There are 16 “Jakarta Principles” enumerated by ACA in 2012. These principles are meant to have effective functioning of ACAs.  These 16 principles were elaborated in “Colombo Commentary” in 2018. These principles have been categorized into five headings, namely, institution, leadership, human resources, financial resources and oversight. Within the leadership dimension, the principles are elaborated not only on appointment and removal of ACA Chiefs but also on the continuity of their service or tenure. 


Nepal’s anti-corruption agency, primarily the CIAA, exhibits serious pitfalls and weaknesses in all of these five dimensions. However, I suppose, leadership comes at the top of the list. Let us first have a look at the constitutional arrangement for the appointment of the CIAA Chief and other Commissioners.


Article 238(6) of the Constitution speaks that any person can be appointed as the Chief Commissioner or Commissioners  if: (a) he or she holds a minimum of a bachelor’s degree; (b) is not a member of any political party; (c) has, at least, 20 years of experience, working in the field of either accounting, revenue, engineering, law, development or research and being a distinguished person; (d) has attained 45 years of age, and; (e) is of a high moral character. The criteria is so open that any Tom, Dick, and Harry seem eligible for the position. In a way, this is good for making open competitive appointments, that too, of non-political, distinguished persons with a high moral character. However, the tradition of hiring ACA chiefs with a civil service background has, literally, nullified the constitutional spirit. The tradition of appointing ACA heads with a civil service background is made to protect corrupt civil servants and their political masters rather than to take action against them.

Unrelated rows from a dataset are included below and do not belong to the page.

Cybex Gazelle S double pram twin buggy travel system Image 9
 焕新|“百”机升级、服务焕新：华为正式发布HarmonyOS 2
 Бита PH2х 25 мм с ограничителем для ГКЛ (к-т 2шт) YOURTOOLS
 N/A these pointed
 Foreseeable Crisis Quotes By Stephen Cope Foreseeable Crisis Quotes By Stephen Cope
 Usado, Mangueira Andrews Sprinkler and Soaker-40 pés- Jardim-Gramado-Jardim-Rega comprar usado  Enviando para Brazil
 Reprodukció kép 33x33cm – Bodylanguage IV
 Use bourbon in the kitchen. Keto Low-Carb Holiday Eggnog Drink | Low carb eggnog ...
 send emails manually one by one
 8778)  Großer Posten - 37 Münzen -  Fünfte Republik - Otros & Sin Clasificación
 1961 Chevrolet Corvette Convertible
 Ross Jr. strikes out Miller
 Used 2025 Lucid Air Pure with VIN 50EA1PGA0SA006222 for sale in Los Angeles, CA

 Let us have a look into the removal process


The positions can be vacated if (a) he/she tenders resignation in writing to the President, (b) he/she attains the age of 65 years, (c) a motion of impeachment is passed against him/her under Article 101, (d) he/she is removed from office by the President on the recommendation of the Constitutional Council on grounds of his/her inability to hold office and discharge the functions due to physical or mental illness. Saving the last clause, these Constitutional provisions give more than enough assurance on securing tenure and giving continuity to the service of the Chief and the Commissioners.  However, the last clause gives the impression of hanging the “Damocles sword” over the ACA head and its commissioners. The Constitutional Council (hiring agency) seems to have retained its right to fire by recommending to the President, anytime, to fire ACA head and its commissioners, because of “physical or mental illness”. At a time when the very existence and relevance of the Constitutional Council are being questioned, if not on its physical and mental illness, it is pointless talking about institutional strengthening and autonomy to anti-corruption agencies. Definitely, the fish is rotting from its head.